Lifted in toto from All About Alpha:
Carry Strategies: Beyond Foreign Exchange
Carry strategies have long been a big part of the alpha-seeking landscape.
The idea behind such strategies is simple and arises most naturally in the foreign exchange context. International investors borrow money in countries where interest rates are relatively low, and then lend it out in countries where the rates are higher. All they do is “carry” the money, so to speak, from one country to the other.
Carry trades of this sort have been quite robust in the last few years. Many hedge funds have made a fine thing out of the continued competition of countries and currency zones. This is sometimes given the exalted name “global macro,” but a more descriptive label might be: monetary-policy arbitrage.
A new white paper from Campbell & Co., written by Susan Roberts, looks at an expanded idea of the carry trade, and at the role it can play in a portfolio.
A broad definition of a carry trade is this: it can include any transaction designed to maximize exposure to the costs and benefits of holding an asset. In the case of a garden variety forex carry trade, the asset held consists of the principal amount borrowed in one currency and lent in another. The point isn’t that the principal amount itself gains in value (that would simply be speculating on the direction of currency moves), the point is that what the principal can do for you exceeds what it will cost you.
Other Types of Carry Trade
In a fixed income carry trade, on the other hand, an investor takes an asset’s yield-to-maturity, and pays the cost of financing, that is, the short rate. On January 2, 2007, for example, Japanese bonds were yielding 1.7%, with a financing rate of 0.5% (the three month rate). A carry strategy entailed a long position in those bonds. If the yield had remained unchanged, the total gain would then have corresponded to the difference between those two rates, or 1.2%. Of course as Roberts observes, your mileage may vary, “shifts in the yield curve may either enhance or reduce returns.” Further, if the value of the underlying asset moves too much in the wrong direction, the expected gain becomes an actual loss.
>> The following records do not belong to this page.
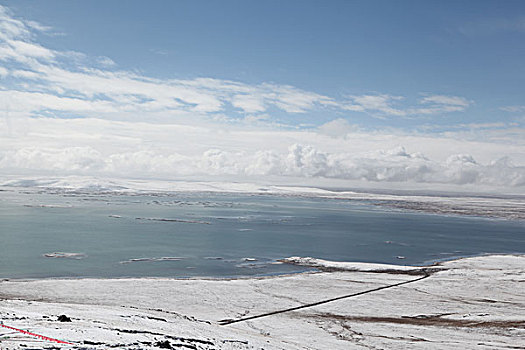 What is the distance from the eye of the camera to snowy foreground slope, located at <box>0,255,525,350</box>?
19.5 metres

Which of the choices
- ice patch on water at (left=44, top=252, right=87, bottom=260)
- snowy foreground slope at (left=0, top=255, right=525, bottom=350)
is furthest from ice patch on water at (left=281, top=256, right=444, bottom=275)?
ice patch on water at (left=44, top=252, right=87, bottom=260)

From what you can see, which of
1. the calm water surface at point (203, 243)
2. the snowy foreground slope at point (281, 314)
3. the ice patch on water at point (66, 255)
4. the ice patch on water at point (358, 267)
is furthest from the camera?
the ice patch on water at point (66, 255)

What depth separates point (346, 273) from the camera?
40406 millimetres

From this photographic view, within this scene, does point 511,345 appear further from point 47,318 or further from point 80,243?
point 80,243

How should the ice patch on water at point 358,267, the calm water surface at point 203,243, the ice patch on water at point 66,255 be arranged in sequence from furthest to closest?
the ice patch on water at point 66,255 < the ice patch on water at point 358,267 < the calm water surface at point 203,243

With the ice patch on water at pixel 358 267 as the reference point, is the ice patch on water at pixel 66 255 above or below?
below

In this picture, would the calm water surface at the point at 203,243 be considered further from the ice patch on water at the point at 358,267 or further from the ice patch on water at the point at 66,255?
the ice patch on water at the point at 358,267

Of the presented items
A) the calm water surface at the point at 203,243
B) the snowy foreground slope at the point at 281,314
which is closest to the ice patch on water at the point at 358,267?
the snowy foreground slope at the point at 281,314

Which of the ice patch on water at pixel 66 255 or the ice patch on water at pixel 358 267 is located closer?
the ice patch on water at pixel 358 267

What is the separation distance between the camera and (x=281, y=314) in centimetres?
2744

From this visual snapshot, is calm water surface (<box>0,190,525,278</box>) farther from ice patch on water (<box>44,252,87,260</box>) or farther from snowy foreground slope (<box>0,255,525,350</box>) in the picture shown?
snowy foreground slope (<box>0,255,525,350</box>)

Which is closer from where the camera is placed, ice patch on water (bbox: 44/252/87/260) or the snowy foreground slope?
the snowy foreground slope

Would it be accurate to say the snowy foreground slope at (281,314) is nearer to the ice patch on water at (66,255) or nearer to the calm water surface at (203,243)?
the calm water surface at (203,243)

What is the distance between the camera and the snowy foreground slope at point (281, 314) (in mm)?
19538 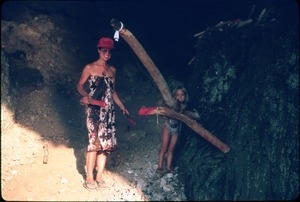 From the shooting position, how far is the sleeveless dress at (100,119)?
16.6 ft

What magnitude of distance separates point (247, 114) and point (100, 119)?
238 cm

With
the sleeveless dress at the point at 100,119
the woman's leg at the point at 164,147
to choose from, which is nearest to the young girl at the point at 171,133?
the woman's leg at the point at 164,147

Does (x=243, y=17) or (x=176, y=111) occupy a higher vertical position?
(x=243, y=17)

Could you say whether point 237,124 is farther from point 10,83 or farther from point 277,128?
point 10,83

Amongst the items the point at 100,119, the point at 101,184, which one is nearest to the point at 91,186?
the point at 101,184

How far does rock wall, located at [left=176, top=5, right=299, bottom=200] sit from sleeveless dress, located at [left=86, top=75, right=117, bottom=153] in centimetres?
144

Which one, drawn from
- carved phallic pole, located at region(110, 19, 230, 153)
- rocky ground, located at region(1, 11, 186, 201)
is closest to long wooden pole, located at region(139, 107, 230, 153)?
carved phallic pole, located at region(110, 19, 230, 153)

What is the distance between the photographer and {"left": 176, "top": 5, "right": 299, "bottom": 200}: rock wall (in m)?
4.23

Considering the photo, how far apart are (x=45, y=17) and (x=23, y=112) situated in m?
2.38

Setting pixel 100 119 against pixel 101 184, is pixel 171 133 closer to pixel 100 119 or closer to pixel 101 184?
pixel 100 119

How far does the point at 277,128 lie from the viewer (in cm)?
433

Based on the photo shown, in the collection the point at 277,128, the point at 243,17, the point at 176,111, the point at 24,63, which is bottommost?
the point at 277,128

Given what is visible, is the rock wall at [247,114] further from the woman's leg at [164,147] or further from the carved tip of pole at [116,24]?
the carved tip of pole at [116,24]

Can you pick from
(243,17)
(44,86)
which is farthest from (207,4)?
(44,86) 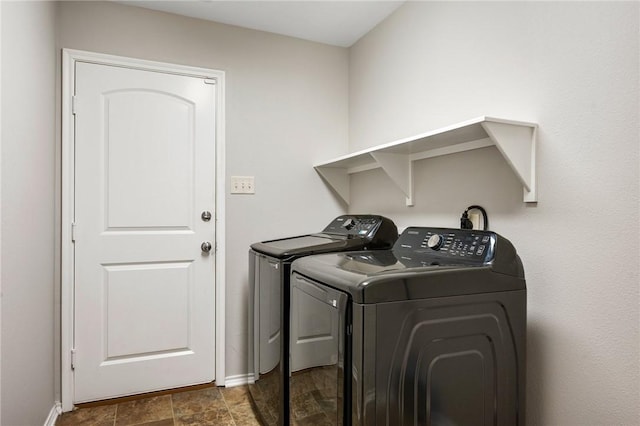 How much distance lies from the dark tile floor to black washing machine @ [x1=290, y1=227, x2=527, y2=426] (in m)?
0.86

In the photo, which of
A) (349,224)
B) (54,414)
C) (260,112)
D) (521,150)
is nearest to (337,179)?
(349,224)

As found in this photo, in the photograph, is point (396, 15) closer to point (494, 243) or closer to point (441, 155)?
point (441, 155)

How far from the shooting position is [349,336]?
1154mm

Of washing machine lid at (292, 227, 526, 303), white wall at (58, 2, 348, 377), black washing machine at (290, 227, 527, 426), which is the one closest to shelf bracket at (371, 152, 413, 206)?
washing machine lid at (292, 227, 526, 303)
In world of equities, a carry trade looks to benefit from the dividend yield. It is worthwhile for an investor to hold a stock for any period, setting aside any appreciation in its value, if and only if the dividend yield exceeds the risk-free rate on the same investment. Again to use one of Roberts’ examples: On June 1, 2005 the Amsterdam Stock Index had a trailing 12-month dividend yield of +3.6%. Risk free lending could have yielded 2.1% at the time. Thus, the carry was 1.5%.
Finally, in Robert’s presentation, there are commodity carries. Here the benefit of holding a commodity is known as the “convenience yield,” and the costs include the financing rate, storage, transport, and insurance.
An Insight from Keynes
Unfortunately, it isn’t easy to observe the “convenience yield.” One can’t simply look it up in the Wall Street Journal. It has to be inferred from either the backwardation (a positive convenience yield) or the contango (negative convenience yield) displayed in the term structure. One of the defining arguments in the formal study of commodity prices dates to a 1930 work by John Maynard Keynes, A Treatise on Money, in which Keynes explained that people and institutions that hold a lot of a physical commodity have to worry about a collapse in demand. At least in the short-run, the supply is inelastic, demand is unpredictable. As a consequence, producers have to hedge, and hedgers have to deal with speculators. Roberts doesn’t cite Keynes, but his argument is implicit in her explanations here.
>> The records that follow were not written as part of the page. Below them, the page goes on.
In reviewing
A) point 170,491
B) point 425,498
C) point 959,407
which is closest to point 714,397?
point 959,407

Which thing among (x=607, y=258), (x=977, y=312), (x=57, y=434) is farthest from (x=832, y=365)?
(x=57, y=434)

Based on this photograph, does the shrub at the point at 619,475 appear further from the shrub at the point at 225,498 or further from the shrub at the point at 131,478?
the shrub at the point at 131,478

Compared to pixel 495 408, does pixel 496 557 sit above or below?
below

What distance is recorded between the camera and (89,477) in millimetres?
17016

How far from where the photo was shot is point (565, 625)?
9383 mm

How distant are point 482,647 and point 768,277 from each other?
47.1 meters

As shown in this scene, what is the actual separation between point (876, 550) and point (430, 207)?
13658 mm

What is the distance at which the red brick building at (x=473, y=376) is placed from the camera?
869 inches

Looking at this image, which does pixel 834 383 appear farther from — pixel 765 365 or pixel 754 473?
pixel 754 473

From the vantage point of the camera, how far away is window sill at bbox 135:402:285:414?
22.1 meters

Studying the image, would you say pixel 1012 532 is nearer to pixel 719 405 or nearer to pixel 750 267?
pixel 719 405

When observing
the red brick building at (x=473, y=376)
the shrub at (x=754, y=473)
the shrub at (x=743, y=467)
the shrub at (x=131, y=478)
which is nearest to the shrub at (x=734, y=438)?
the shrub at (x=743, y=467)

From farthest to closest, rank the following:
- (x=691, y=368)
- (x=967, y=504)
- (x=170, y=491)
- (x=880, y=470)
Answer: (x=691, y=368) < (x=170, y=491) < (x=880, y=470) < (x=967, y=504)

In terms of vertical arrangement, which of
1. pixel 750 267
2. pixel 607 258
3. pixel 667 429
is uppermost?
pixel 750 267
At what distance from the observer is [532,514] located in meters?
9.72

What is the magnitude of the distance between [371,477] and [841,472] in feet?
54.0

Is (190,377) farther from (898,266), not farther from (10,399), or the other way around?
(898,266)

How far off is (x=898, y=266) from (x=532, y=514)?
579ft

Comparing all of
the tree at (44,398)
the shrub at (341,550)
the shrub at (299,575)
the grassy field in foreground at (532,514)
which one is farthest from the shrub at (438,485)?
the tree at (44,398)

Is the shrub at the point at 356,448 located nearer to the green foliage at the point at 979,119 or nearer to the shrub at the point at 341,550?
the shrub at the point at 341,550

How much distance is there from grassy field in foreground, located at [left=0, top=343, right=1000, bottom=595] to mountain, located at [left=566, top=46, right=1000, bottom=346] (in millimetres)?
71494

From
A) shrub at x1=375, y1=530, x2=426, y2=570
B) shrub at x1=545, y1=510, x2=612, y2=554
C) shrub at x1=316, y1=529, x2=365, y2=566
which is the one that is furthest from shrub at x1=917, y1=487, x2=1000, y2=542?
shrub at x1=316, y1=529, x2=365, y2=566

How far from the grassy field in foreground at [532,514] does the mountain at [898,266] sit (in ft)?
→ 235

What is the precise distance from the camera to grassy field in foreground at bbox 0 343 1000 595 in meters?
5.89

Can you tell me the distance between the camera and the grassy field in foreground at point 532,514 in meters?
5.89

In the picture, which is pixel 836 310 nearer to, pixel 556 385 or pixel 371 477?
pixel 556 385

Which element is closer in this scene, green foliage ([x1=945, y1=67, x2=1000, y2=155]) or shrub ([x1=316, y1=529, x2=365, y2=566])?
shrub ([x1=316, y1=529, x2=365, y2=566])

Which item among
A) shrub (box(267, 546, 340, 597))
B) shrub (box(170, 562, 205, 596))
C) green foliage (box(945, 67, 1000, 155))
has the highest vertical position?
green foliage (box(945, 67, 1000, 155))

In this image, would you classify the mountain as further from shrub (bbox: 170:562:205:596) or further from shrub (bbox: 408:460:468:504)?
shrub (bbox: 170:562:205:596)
After running through the four different sorts of carry trade as I’ve just summarized, Roberts remarks that there is a very low correlation and often negative correlation, historically, among the various carry return strategies. Thus, a hypothetical global carry strategy would itself be diversified. It could be further diversified, of course, by adding assets tied to directional strategies.
The bottom line, then, is that investors who blend carry with directional strategies can enhance their risk-adjusted portfolio results.